Unit Tests

Dec 29, 2025

I.

Once upon a time, there was a man named Albert, who said that the laws of physics—

(that everybody knew and agreed upon and had been using for hundreds of years to accurately predict the movement of everything from planets to cannonballs)

—were wrong, actually.

To be clear: there were lots of other people who also said that the laws of physics were wrong. Almost all of those people were crazy.

But Albert (it turned out) wasn’t crazy. Albert’s own answer was incomplete and imperfect, but it was less wrong than the established laws that had been written down by Newton, and it was also less wrong than the answers of the thousands of crackpots who had been correctly dismissed as crackpots.

In order to be sane, in order to be effective—

(In order to be right.)

—you need to be able to sort the wheat from the chaff. You need to be able to figure out how to tell the stuff that sounds crazy

(but isn’t)

apart from the stuff that is crazy

(including when it sounds very normal and familiar).

And whatever method you choose, you want that method to work on Albert. You don’t know what future Alberts will look like, when you come across them, but you do know what the actual historical Albert looked like, at the time. The example of Albert is just sitting there, as a way for you to ensure that your method is working properly.

I call this sort of thing a “unit test.” In computer programming, a unit test is a snippet that makes sure that a given unit of code is functioning properly, and doing what it’s supposed to do. If you have code that is meant to add two numbers together, you might check that code with some unit tests like:

1 + 1 (should give you back 2; if it doesn’t, your code has a problem)
1 + 0 (should give you back 1)
1 + -1 (should give you back 0)
1 + 1000000000000000 (should give you back 1000000000000001)
1000000000000000 + 1000000000000000 (should give you back 2000000000000000)
1 + π (should probably give you back something in the vicinity of 4.14159)
1 + q (should probably give you back some sort of error)

…and so on.

In other words, your unit test checks a bunch of questions whose answers you already know, to make sure that your answer-finding algorithm at least gets those right.

Unit tests don’t guarantee that your method will get everything right, but they’re a start. If you have some general method that is passing all of your unit tests, you’re probably at least in the vicinity of the real answer. There aren’t many general processes that spit out the right answer to all of the addition problems above, that aren’t just … addition.

II.

It seems to me that most people don’t go around “collecting unit tests,” but I certainly do.
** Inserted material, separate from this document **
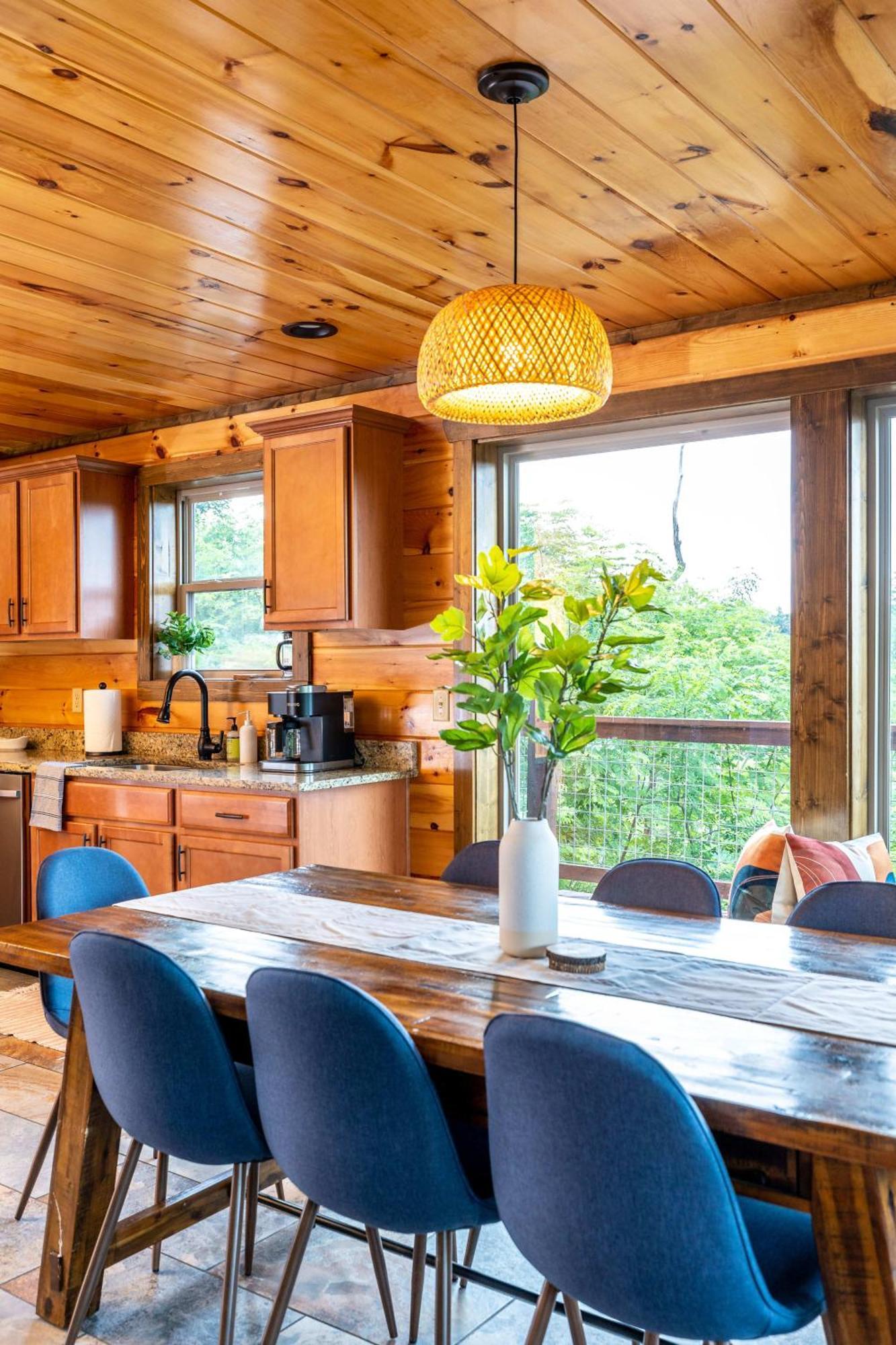 The Solstice - Amenities Galore Mountain Retreat Gatlinburg Exterior foto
Whenever I notice a place where a bunch of people got it wrong (but some small number of people got it right), I write it down in my brain:

Dear Future Duncan, make sure that whenever you’re talking to someone who sounds like a crackpot, you decide whether-or-not-to-blow-them-off using a method that wouldn’t cause you to accidentally blow off Albert Einstein, because that would be embarrassing.

(I mean, it was a smidge more forgivable back in 1905, but we just … have the historical example. It would be like failing an open-book test.)
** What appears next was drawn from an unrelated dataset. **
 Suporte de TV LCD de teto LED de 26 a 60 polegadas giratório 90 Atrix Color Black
There are a couple of Big Obvious ones, that everybody talks about. For instance: slavery. Back in the 1600s, there were quite a few Americans who thought slavery was great, actually, and even most of those who disagreed did so in a fairly quiet, shrugging sort of way.
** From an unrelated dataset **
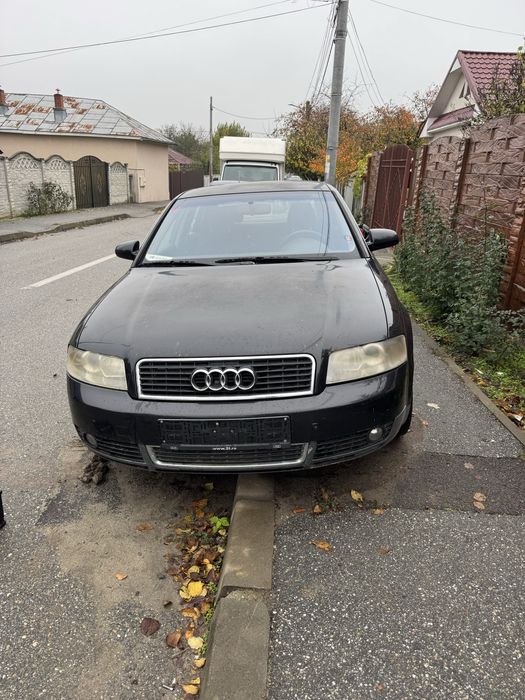 Dezmembrez audi a4b6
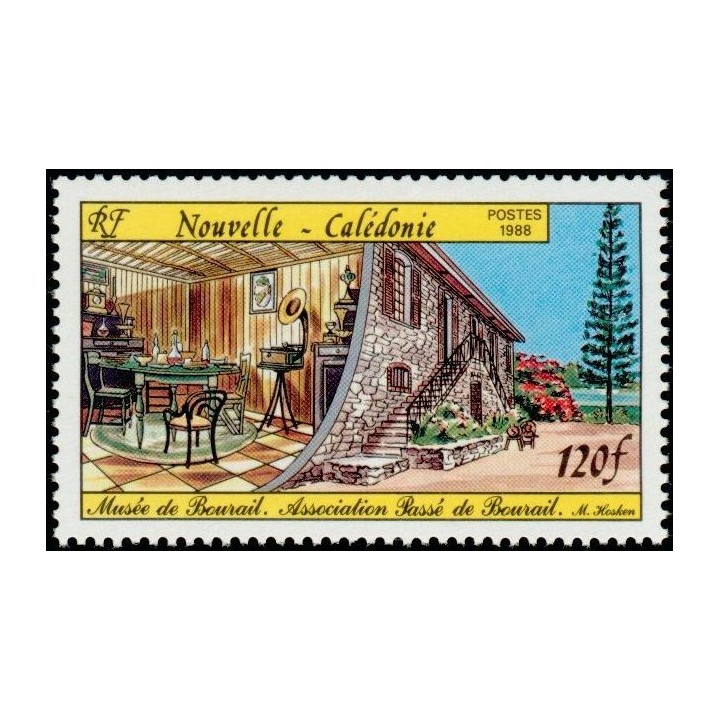 Nouvelle-Caledonie - 0558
If you want to be the sort of person who would get the question of slavery right in the year 1600, then you obviously can’t rely on consensus, because if you happen to be born in a Southern plantation and get raised by a bunch of people who are really confident that black folk are inferior and servitude is their rightful place, then you’ll grow up feeling the same way.

Similarly, you can’t rely on the law to tell you what’s right and what’s wrong, because slavery was legal. (The law is a little bit different from consensus, but mostly like how the crystallized parts of honey are different from the smoothly flowing parts.)

You can start with the question of slavery, and ask yourself okay, how could I get this one right? If I were raised by slaveowners in the 1600s, what sorts of mental motions would allow me to notice that slavery was a moral horror anyway, despite all of the ready-made arguments and justifications floating around me?

It’s sort of like sitting down to code addition, and starting with “well, gee, how do I make this computer take in ‘1’ and ‘1’ and spit back ‘2’?”

But of course, once you’ve built your method around the example of slavery, you need some other unit test to check.

Another big, popular one is “Nazis.” i.e., “would the algorithm that I’m running cause 1930s-German-me to recognize that Jews are fundamentally human, and that my government probably shouldn’t take charge of the entire world (through force if necessary)?”

i.e. would a version of you who was born in early-1900s Germany and raised by early-1900s Germans and had access to only the information that early-1900s Germans had access to, but who was thinking about this question the way that you’re thinking about questions of truth and morality now, actually get it right? Are you asking yourself the kinds of questions, and holding yourself to the kinds of standards, that would cause you to pass the test that so many actual 1930s Germans failed?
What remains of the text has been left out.